If we want to decode back to UCI move for sanity Check

In [None]:
decoded_input = encoder.inverse_transform(X_tensor[0].numpy())
decoded_target = encoder.inverse_transform([y_tensor[0].item()])

print("Decoded input:", decoded_input)
print("Decoded target:", decoded_target[0])


Value Ranges

In [None]:
print("Min token ID:", X_tensor.min().item())
print("Max token ID:", X_tensor.max().item())
print("Vocabulary size:", len(encoder.classes_))  # Total unique moves


### Distribution of Targets and Labels

In [None]:
import matplotlib.pyplot as plt

unique, counts = torch.unique(y_tensor, return_counts=True)
plt.bar(unique.numpy(), counts.numpy())
plt.title("Distribution of Target Move Tokens")
plt.xlabel("Move Token ID")
plt.ylabel("Frequency")
plt.show()


### Building our first Model

In [None]:
import torch.nn as nn

class MoveRNN(nn.Module):
    def __init__(self, vocab_size, embed_dim=128, hidden_dim=256):
        super(MoveRNN, self).__init__()
        self.embedding = nn.Embedding(vocab_size, embed_dim)
        self.lstm = nn.LSTM(embed_dim, hidden_dim, batch_first=True)
        self.fc = nn.Linear(hidden_dim, vocab_size)

    def forward(self, x):
        # x: [batch_size, seq_len]
        x = self.embedding(x)           # -> [batch, seq_len, embed_dim]
        output, _ = self.lstm(x)        # -> [batch, seq_len, hidden_dim]
        last_hidden = output[:, -1, :]  # -> [batch, hidden_dim]
        return self.fc(last_hidden)     # -> [batch, vocab_size]


### Training Loop

In [None]:
from torch.utils.data import TensorDataset, DataLoader
import torch.optim as optim

# Prepare DataLoader
batch_size = 64
dataset = TensorDataset(X_tensor, y_tensor)
dataloader = DataLoader(dataset, batch_size=batch_size, shuffle=True)

# Model init
vocab_size = len(encoder.classes_)
model = MoveRNN(vocab_size)
device = torch.device("cuda" if torch.cuda.is_available() else "cpu")
model.to(device)

# Loss & Optimizer
criterion = nn.CrossEntropyLoss()
optimizer = optim.Adam(model.parameters(), lr=0.001)

# Training loop
epochs = 10
for epoch in range(epochs):
    model.train()
    total_loss = 0
    for X_batch, y_batch in dataloader:
        X_batch, y_batch = X_batch.to(device), y_batch.to(device)

        optimizer.zero_grad()
        output = model(X_batch)              # [batch, vocab_size]
        loss = criterion(output, y_batch)    # classification loss
        loss.backward()
        optimizer.step()
        total_loss += loss.item()

    print(f"Epoch {epoch+1}/{epochs}, Loss: {total_loss:.4f}")


 ### Quick Evaluation after Training

In [None]:
model.eval()
with torch.no_grad():
    sample_input = X_tensor[0].unsqueeze(0).to(device)  # [1, 10]
    prediction = model(sample_input)                    # [1, vocab_size]
    predicted_index = prediction.argmax(dim=1).item()
    predicted_move = encoder.inverse_transform([predicted_index])[0]

    print("Input Moves:", encoder.inverse_transform(X_tensor[0].numpy()))
    print("Target Move:", encoder.inverse_transform([y_tensor[0].item()])[0])
    print("Predicted Move:", predicted_move)


So our model predicts moves.

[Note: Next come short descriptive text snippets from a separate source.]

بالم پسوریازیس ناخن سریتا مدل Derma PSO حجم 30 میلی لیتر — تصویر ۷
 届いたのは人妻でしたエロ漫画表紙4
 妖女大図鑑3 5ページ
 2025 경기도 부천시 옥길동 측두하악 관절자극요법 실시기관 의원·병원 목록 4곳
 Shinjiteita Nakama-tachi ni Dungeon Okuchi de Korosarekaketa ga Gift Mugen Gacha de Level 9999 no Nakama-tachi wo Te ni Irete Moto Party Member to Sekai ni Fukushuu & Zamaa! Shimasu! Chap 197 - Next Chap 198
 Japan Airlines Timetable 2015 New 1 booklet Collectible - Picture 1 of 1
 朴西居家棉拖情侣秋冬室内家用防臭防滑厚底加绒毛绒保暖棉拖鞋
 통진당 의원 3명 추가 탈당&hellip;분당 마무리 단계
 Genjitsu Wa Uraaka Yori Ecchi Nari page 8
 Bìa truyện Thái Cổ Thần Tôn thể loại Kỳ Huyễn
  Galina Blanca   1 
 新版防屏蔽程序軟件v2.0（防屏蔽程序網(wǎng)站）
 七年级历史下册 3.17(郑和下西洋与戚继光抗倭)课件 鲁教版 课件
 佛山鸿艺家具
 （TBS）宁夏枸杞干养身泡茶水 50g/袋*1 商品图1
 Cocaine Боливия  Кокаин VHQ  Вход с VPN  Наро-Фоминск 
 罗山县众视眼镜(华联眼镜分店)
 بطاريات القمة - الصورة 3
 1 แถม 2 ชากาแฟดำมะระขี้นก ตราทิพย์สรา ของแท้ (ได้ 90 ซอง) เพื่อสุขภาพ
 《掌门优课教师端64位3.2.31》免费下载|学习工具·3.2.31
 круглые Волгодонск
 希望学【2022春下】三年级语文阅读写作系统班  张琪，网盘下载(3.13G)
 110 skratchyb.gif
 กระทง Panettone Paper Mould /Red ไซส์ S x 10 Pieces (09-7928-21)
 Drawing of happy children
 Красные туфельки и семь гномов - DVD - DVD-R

However these moves are not legal moves. Hence we need to 

In [None]:
import chess

# Reconstruct board from input moves
input_moves = encoder.inverse_transform(X_tensor[0].numpy())
board = chess.Board()
for move in input_moves:
    try:
        board.push_san(move)
    except:
        print(f"Illegal move in input: {move}")
        break

# Get all legal UCI moves
legal_uci = [move.uci() for move in board.legal_moves]
legal_tokens = encoder.transform([m for m in legal_uci if m in encoder.classes_])

# Mask prediction output
with torch.no_grad():
    sample_input = X_tensor[0].unsqueeze(0).to(device)
    logits = model(sample_input)[0]  # [vocab_size]
    logits_filtered = logits[legal_tokens]
    top_index = legal_tokens[logits_filtered.argmax().item()]
    predicted_move = encoder.inverse_transform([top_index])[0]

    print("Input Moves:", encoder.inverse_transform(X_tensor[0].numpy()))
    print("Target Move:", encoder.inverse_transform([y_tensor[0].item()])[0])
    print("Predicted Move:", predicted_move)


**Summary**
The code above, is now able to predict moves based on first 10 moves. And these moves are legal moves. GOOD 
However we need to do reinforcement learning so that it predicts moves that are actually good. Not based on the data it was trained on.